#### WORK TO COMPLETE
With the records below as your source, retype each line exactly from the top down to the line that contains "Celtis australis at", and include that line.

[Stored items]
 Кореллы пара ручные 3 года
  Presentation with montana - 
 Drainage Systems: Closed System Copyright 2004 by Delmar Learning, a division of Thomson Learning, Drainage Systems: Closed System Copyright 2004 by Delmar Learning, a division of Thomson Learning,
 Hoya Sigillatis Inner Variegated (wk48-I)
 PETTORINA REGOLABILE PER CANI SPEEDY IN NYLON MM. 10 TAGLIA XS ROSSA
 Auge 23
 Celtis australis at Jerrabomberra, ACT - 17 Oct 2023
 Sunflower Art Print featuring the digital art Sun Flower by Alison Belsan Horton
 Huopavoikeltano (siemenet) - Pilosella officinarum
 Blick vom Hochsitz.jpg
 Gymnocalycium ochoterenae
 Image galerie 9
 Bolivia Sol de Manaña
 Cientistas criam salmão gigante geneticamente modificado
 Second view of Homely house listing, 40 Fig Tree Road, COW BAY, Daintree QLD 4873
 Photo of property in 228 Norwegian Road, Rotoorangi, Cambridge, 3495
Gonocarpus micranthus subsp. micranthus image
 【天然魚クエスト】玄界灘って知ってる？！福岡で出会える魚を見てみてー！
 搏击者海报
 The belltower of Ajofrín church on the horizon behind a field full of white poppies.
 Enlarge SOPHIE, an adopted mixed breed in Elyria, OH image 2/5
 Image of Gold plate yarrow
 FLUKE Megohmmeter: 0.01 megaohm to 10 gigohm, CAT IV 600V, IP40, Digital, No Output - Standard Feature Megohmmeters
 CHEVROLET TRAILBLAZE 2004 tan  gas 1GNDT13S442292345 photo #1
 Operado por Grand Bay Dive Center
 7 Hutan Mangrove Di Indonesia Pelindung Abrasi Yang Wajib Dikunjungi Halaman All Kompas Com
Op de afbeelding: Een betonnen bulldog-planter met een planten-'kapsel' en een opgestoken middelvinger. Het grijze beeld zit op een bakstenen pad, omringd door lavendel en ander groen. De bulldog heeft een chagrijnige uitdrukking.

#### SOLUTION BELOW
 Кореллы пара ручные 3 года
  Presentation with montana - 
 Drainage Systems: Closed System Copyright 2004 by Delmar Learning, a division of Thomson Learning, Drainage Systems: Closed System Copyright 2004 by Delmar Learning, a division of Thomson Learning,
 Hoya Sigillatis Inner Variegated (wk48-I)
 PETTORINA REGOLABILE PER CANI SPEEDY IN NYLON MM. 10 TAGLIA XS ROSSA
 Auge 23
 Celtis australis at Jerrabomberra, ACT - 17 Oct 2023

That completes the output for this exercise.